Apprenons à intégrer l’intersectionnalité dans nos conversations quotidiennes.

Béatrice Malleret | Le Délit

Les discussions s’enchaînaient depuis quelques minutes déjà sans que je ne prête de réelle attention aux dires des uns et des autres, alors que le cours semblait prendre fin. C’est d’ailleurs intéressant de tendre l’oreille à la sortie d’une conférence pour tenter d’attraper les mots des étudiant·e·s fatigué·e·s ou à la curiosité excitée après les deux longues heures de présentation. Celui·celle qui se prêterait à l’exercice pourrait entendre toutes sortes d’anecdotes, allant de lamentations face à la cinquantaine de pages à lire pour la semaine prochaine à des complaintes sur l’écrasante froideur de ce début d’année. Ou encore, l’on pourrait se confronter à des sujets un peu plus irritants, à des déclarations à demi-mot qui vous frôlent et qui, dans mon cas, vous glacent bien plus le sang que les températures affreusement basses, pour un étudiant marocain en échange.

Parmi ces déclarations, des polémiques sur le désinvestissement des énergies fossiles à McGill ou encore les derniers souffles des troubles autour de l’affaire Hillel. En sortant du cours, une autre discussion me surprit : « Ce n’est pas parce que je suis blanc que je ne ressens rien comme les autres, je suis blanc et gay. Donc, toi, mon pote noir et gay, je peux te comprendre », ce à quoi l’autre répond : « On n’a pas le même parcours.

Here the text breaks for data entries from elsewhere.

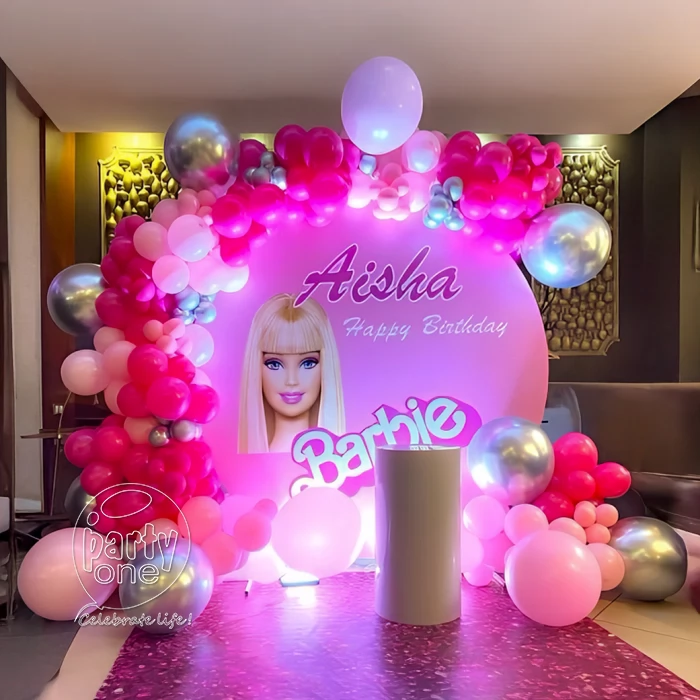 birthday Pink Barbie Theme Birthday Balloon Decor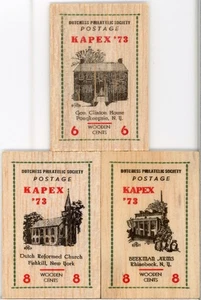Dutchess Philatelic Society KAPEX '73, Dutchess Cty, N.Y.,3 affrancatura in legno 32W - Foto 1 di 2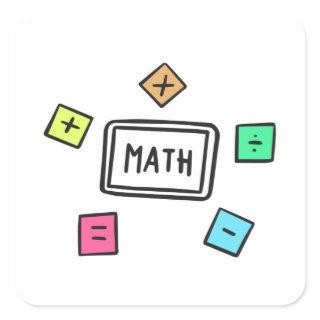 Math symbols Students and Parents Square Sticker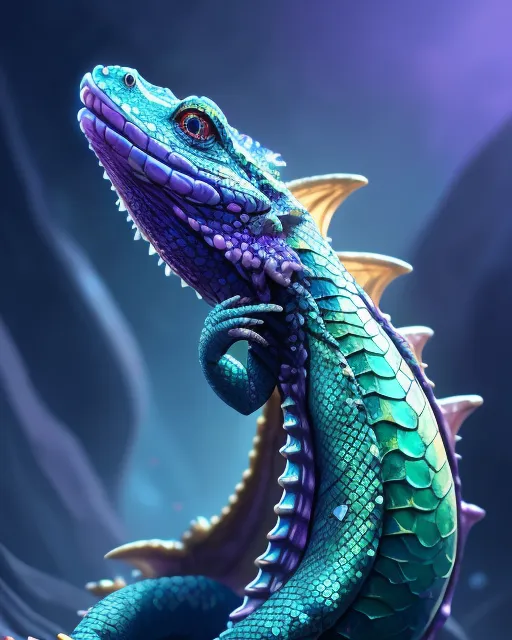 lizard dragon features big thick deep - AI Photo Generator - starryai
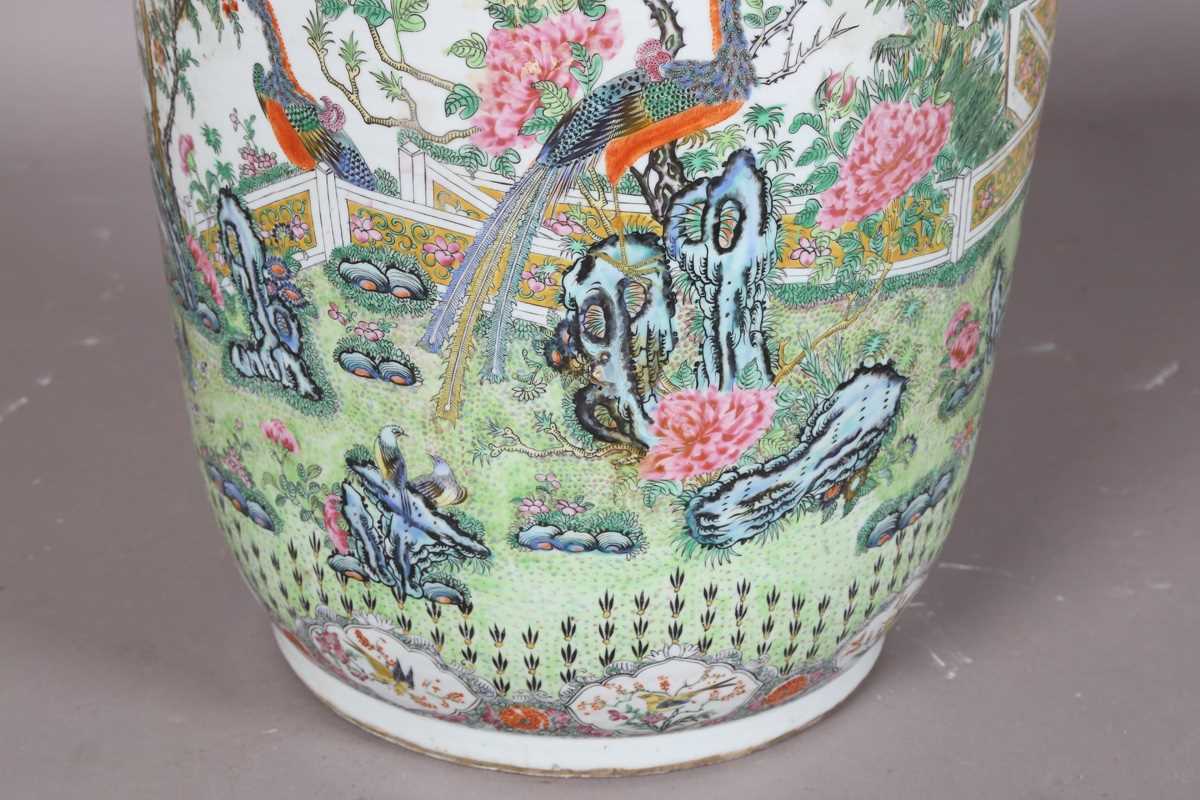 A large Chinese Canton famille rose porcelain vase, mid to late 19th century, the swollen - Image 13 of 47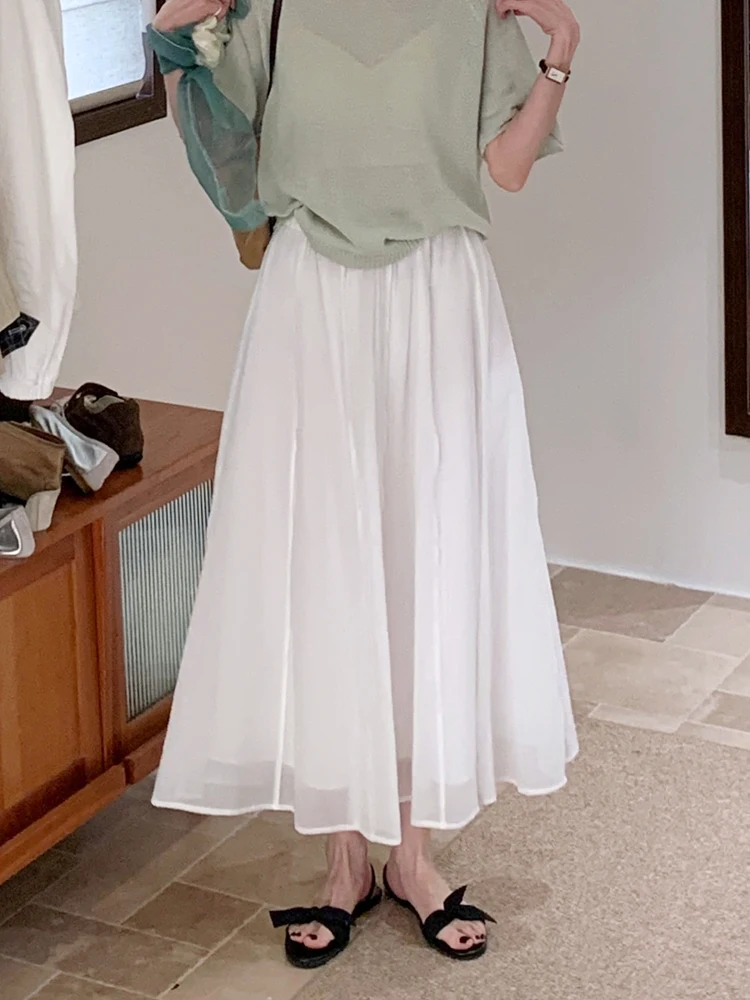 

Юбка BRIVIN в корейском стиле с завышенной талией, А-силуэт, для женщин, лето 2025, новый дизайн, универсальная, белая, однотонная, для повседневной носки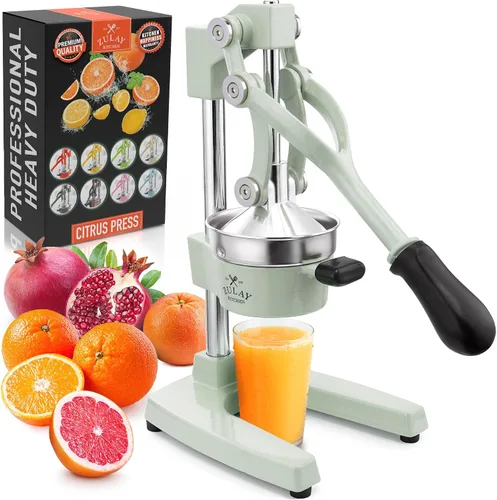 Vista 17 de Zulay Kitchen Exprimidor de hierro fundido, exprimidor de naranja resistente con coladores desmontables para una fácil limpieza, prensa de cítricos
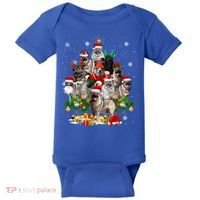 Norwegian Elkhound Christmas Tree Lights Funny Dog Xmas Gift Baby Bodysuit thumb 0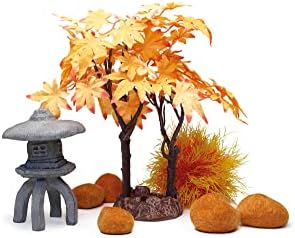 biOrb Autumn Décor Set, Orange and Red, Themed Collection of Fish Friendly Aquarium Decorations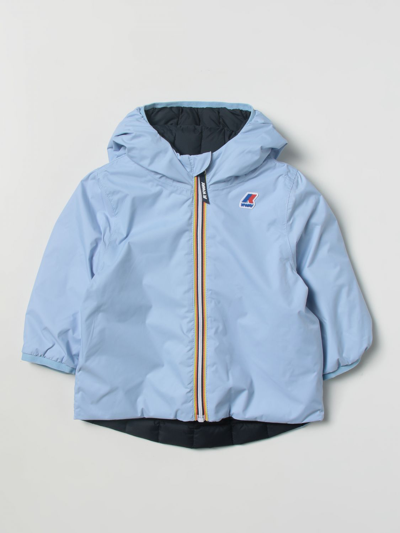 K-way Jacket  Kids Color Gnawed Blue In Gnawed Blue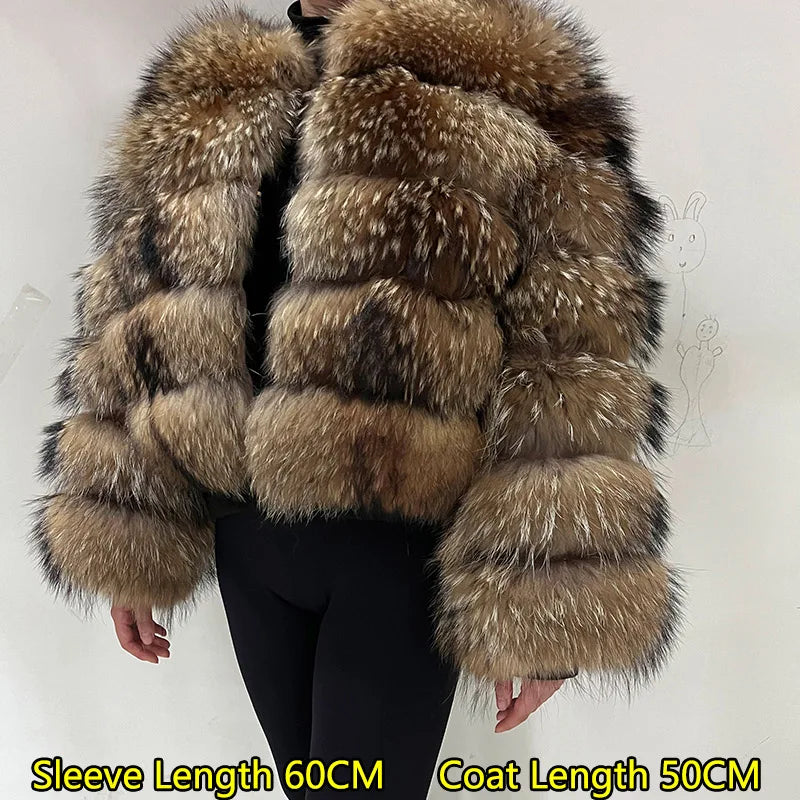 2026 Maomaokong Super Hot Winter Women Luxury Thick Real Raccoon Fur Coat Natural Fox Fur Jacket Plus Size Jackets Female Vest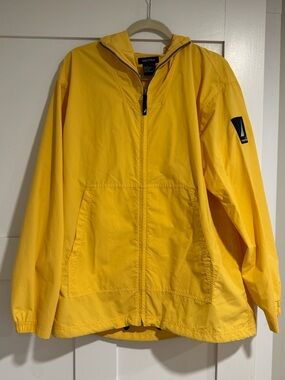 Nautica Bright Yellow Hooded Zip Jacket Size Large
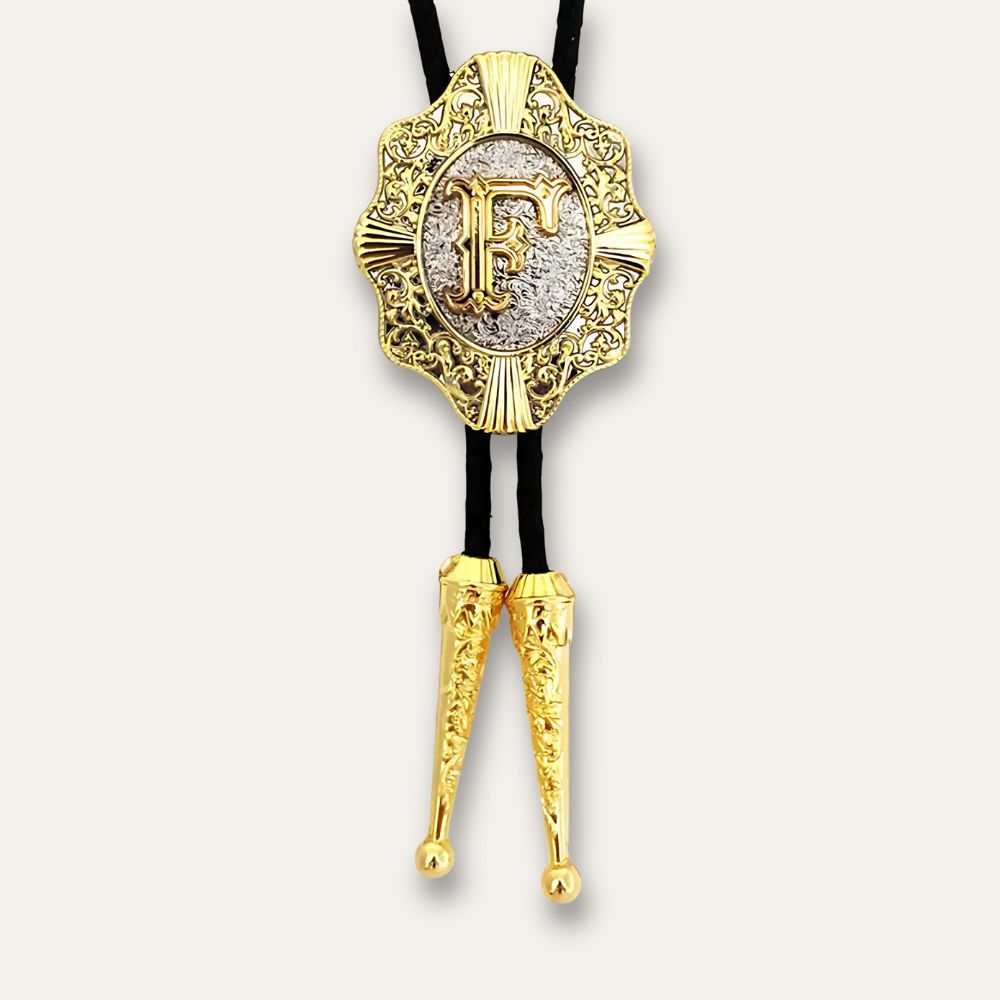 Letter bolo tie, f finish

Ce n’est pas parce que tu es gay que tu peux tout comprendre. » Dans le cas de cette phrase, c’est peut-être le manque de recul avant de la prononcer qui releva mon attention, une absence de considération que l’on peut résumer par : « Je ne suis pas que blanc, je suis aussi gay, et de ce fait je peux comprendre la perspective d’une personne noire gay. » Les implications et les conséquences de ces idées m’ont semblé former un sujet parfait à étudier et à déconstruire, ce à quoi je veux m’appliquer ici.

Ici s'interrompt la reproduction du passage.